If you want a writer who can make even the Holocaust dull, look no further than Ronald Harwood. In Taking Sides (1995) and Collaboration (first seen last year at Chichester, where Philip Franks's productions originated), Harwood scrutinises two great classical musicians, asking whether they simply endured the Nazi terror or actively helped it. Both plays are flaccid in language and construction, with unconvincing, one-note characters and verbal music for tin ears.
In Taking Sides, set in a postwar denazification unit, David Horovitch's gentile American major spends the whole play yelling and swearing at everyone, including Wilhelm Furtwängler, who, he says, by remaining in Berlin throughout the war to conduct the Philharmonic, helped legitimise the Reich. The major gleefully cries that he has "nailed the bastard" on hearing that Furtwängler once sent Hitler a telegram on his birthday. Yet Furtwängler, at the risk of his own life, helped many Jews to escape from Germany. Would it have been more honourable to leave, as the major says he should have, and let them be killed?

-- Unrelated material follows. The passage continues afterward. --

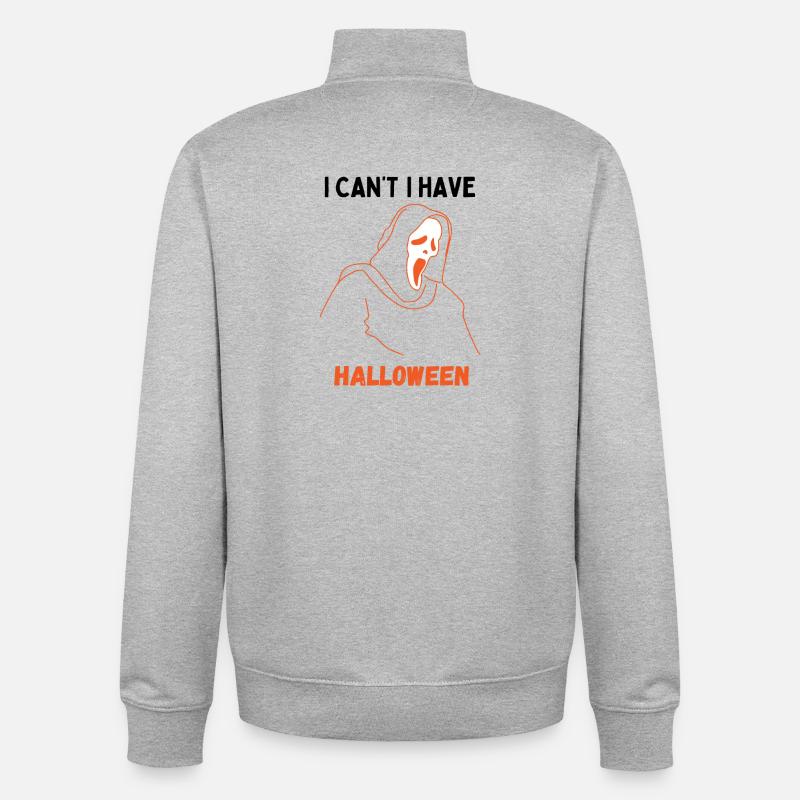 I Can't I Have Halloween - Sweat zippé unisexe en coton bio Stanley/Stella - gris chiné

The major's coarseness and brutality might seem to suggest that the Nazi-hunter has himself turned Nazi, but this obvious irony seems precluded by Harwood's pointing out, in a programme note, that he is the only one to mention the dead. So he is apparently intended to demonstrate that philistines (the major refers to Furtwängler as "the bandleader") can be more humane than great artists, no doubt a proposition pleasing to many in the audience. What he ends up representing, however, like all bullies, is weakness – his author's.

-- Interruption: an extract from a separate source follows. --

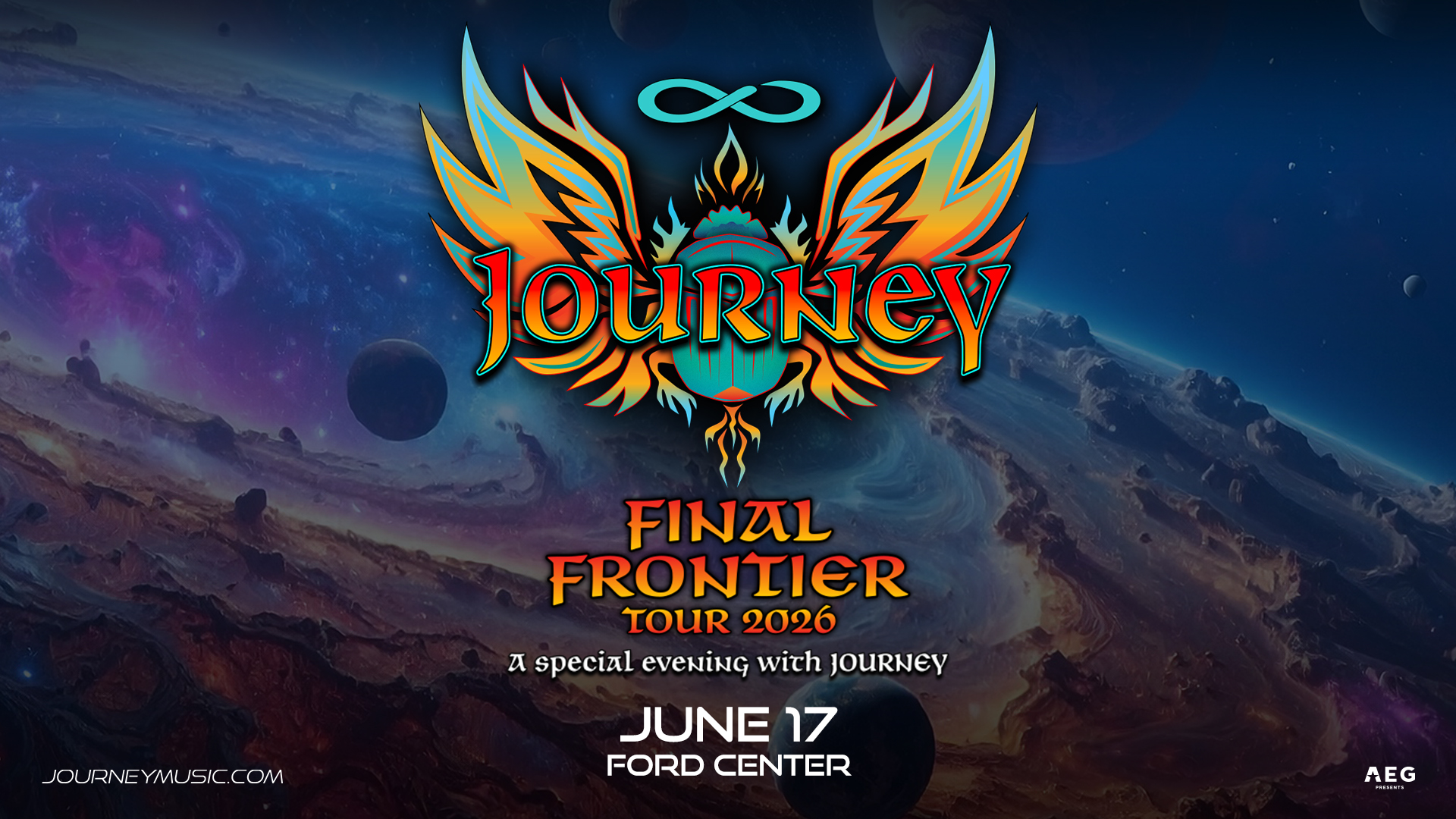 Journey Final Frontier Tour 2026 poster, Ford Center Evansville June 17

Like Taking Sides, Collaboration ends with an old man, in this case Richard Strauss, in tears before an investigator. Strauss wrote an opera that was banned because his librettist, Stefan Zweig, was Jewish (for all his research, which he scatters as aimlessly as confetti, Harwood does not include a wonderful joke – the Nazis also denounced the author of the source material, the "Jew" playwright Ben Jonson). Showing the artist as someone who immerses himself so deeply in his own world that he does not notice that the real one is crumbling, this play promises to be more complex (is "naivety", the follower's favourite defence, really selfishness and vanity?), but it, too, is limp and muddled. Strauss's acquiescence to the Nazis is excused by his wish to protect his Jewish daughter-in-law and grandchildren, but the few, brief mentions of them register only as debating points. When he whimpers at the end, "I was reduced to composing kitsch", one does not know whether to pity him or to retort that millions were reduced to ashes.
Harwood's vulgarity shows itself here in the folksy portrait of a genius as a cosy grandpa and his wife as a fierce hausfrau who tells Jew and Nazi alike, "Wipe your feet!".
The flatness of the performances matches that of the plays. Michael Pennington is stiff and austere as Furtwängler, a hippity-hoppity bunny rabbit as Strauss. David Horovitch's major has no shading or variety, and his Stefan Zweig is monotonously modest and reserved. But the most disheartening thing about these plays is their timing. Not only dictators and peasants but educated Westerners now cry that the Holocaust never existed, and that Israelis are the new Nazis. The latter charge is the subject of plays in this country (Horovitch even appeared in one, Seven Jewish Children), and Jewry is in peril as it has not been since the war. And what is the theatrical response? Two plays boldly denouncing those who persecuted Jews 70 years ago. You couldn't make it up.